Bahlil memastikan bahwa keputusan mengenai kelanjutan HGBT akan segera disampaikan, mengingat pelaku industri sudah mendesak kepastian tersebut. Namun, hingga saat ini, belum ada kejelasan mengenai kelanjutan program HGBT di tahun 2025. Pemerintah masih menggodok aturan baru, sementara industri penerima HGBT harus membeli gas bumi dengan harga komersial sejak 1 Januari 2025.
Ketua Forum Industri Pengguna Gas Bumi (FIPGB), Yustinus Gunawan, mengonfirmasi bahwa pelaku industri telah membeli gas bumi dengan harga komersial sebesar USD 16,77 per MMBTU sejak 1 Januari 2025. “Sejak 1 Januari 2025, enggak dapat HGBT, tetapi PGN menggunakan rumus seperti yang ada surat tersebut, dengan harga (komersial) USD 16,77 per MMBTU,” ungkap Yustinus saat dihubungi kumparan, Selasa (7/1).
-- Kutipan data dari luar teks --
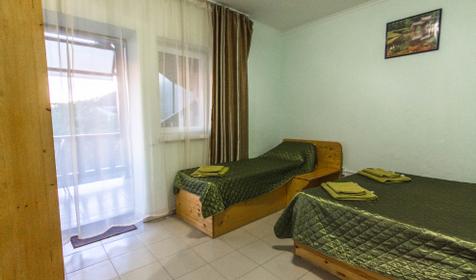 Трехместный стандарт с удобствами и видом на море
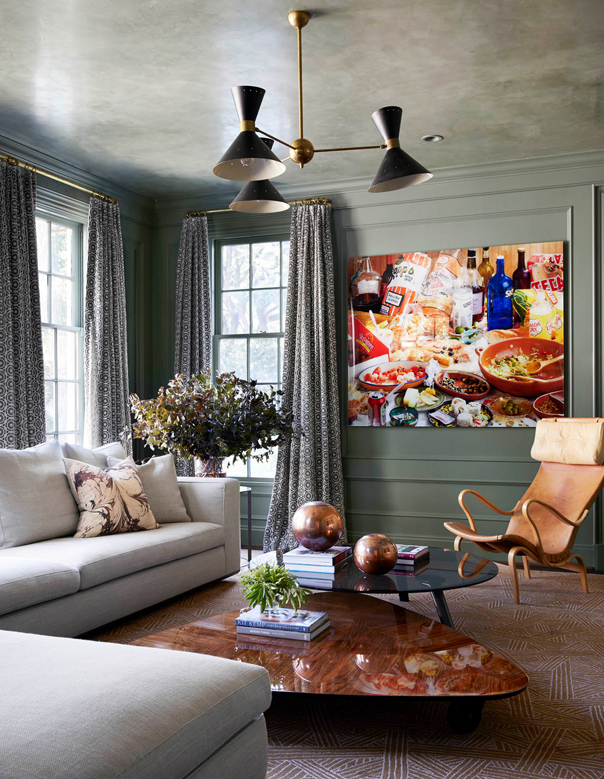 Living room with gray walls, white sofa and colorful picture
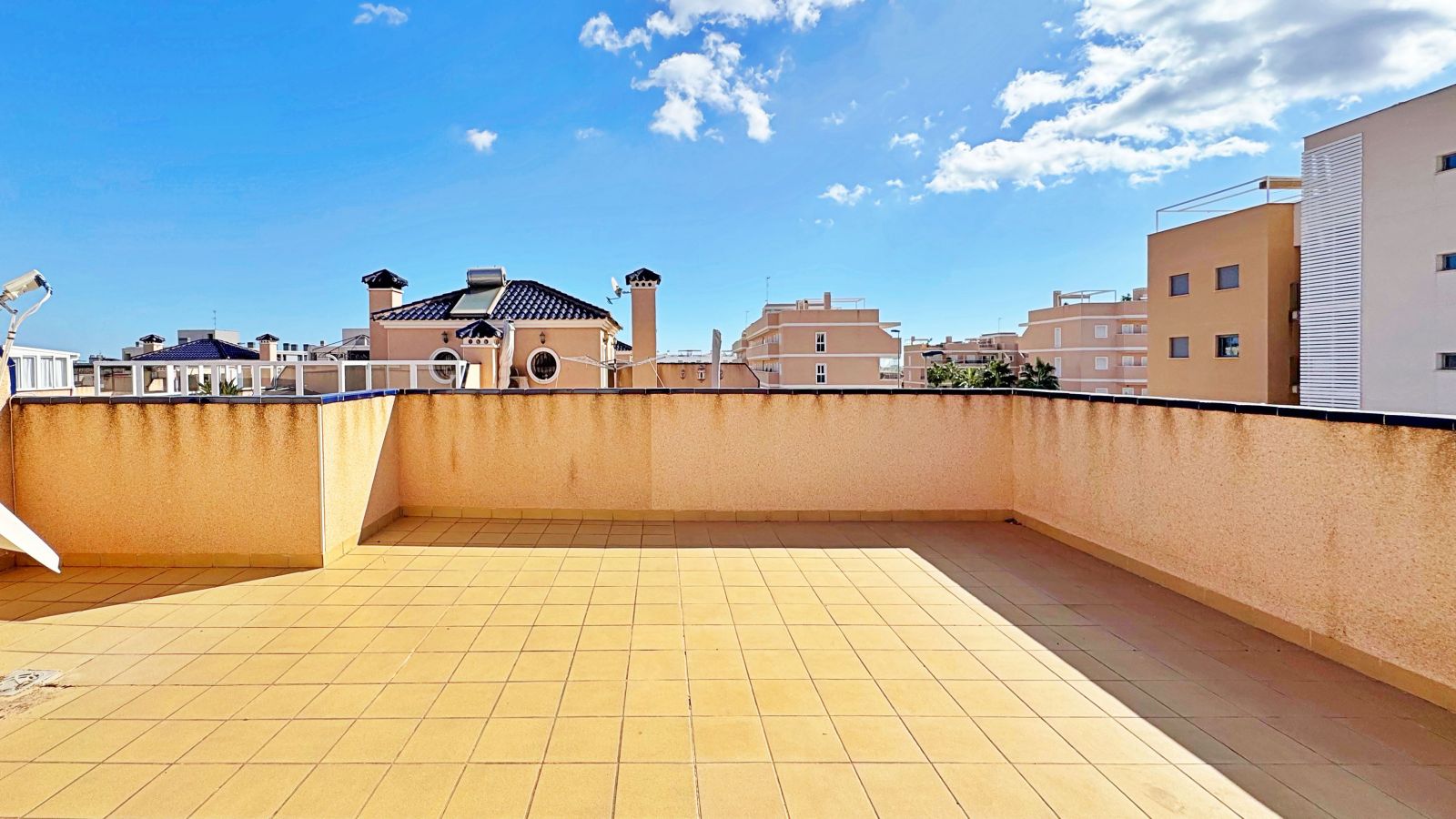 For sale - 3 Bedroom 2 Bathroom Townhouse in VILLAMARTIN - Villamartin  - Alicante
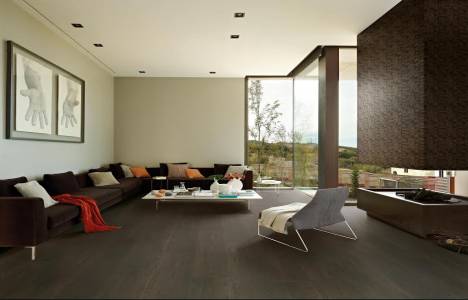 Kalebodur Antique Wood serisi doğal görünüm dokusu sunuyor!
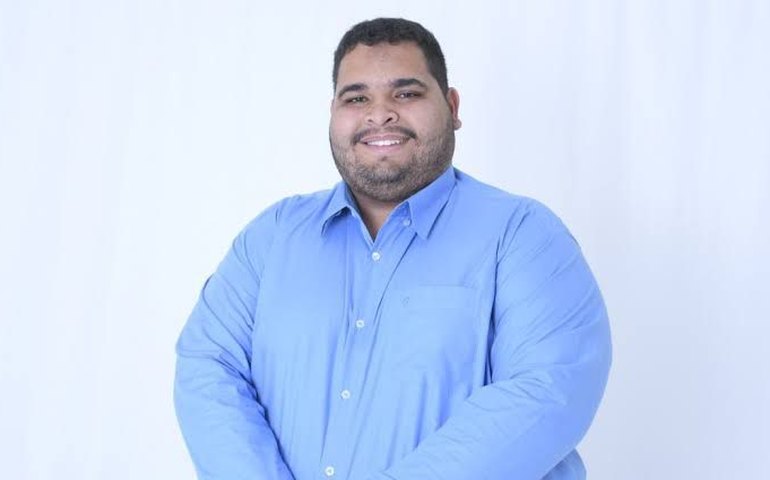 Vereador arapiraquense quebra decoro e chama colegas de “cachorrinhos de madame”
Yustinus mengungkapkan bahwa kenaikan harga gas bumi secara otomatis meningkatkan biaya produksi, yang pada gilirannya menurunkan daya saing produk. Dia berharap pemerintah segera memberikan kepastian mengenai program HGBT sebelum dampaknya semakin besar. “Apalagi ini jelang persiapan Ramadan, jangan sampai keterlambatan kepastian HGBT berujung PHK,” tegas Yustinus.
Program HGBT memainkan peran penting dalam mendukung industri dalam negeri dengan menyediakan harga gas yang lebih terjangkau. Namun, ketidakpastian mengenai kelanjutan program ini menimbulkan kekhawatiran di kalangan pelaku industri. Pemerintah diharapkan segera memberikan kepastian agar industri dapat merencanakan strategi bisnis mereka dengan lebih baik dan menghindari dampak negatif seperti peningkatan biaya produksi dan potensi pemutusan hubungan kerja.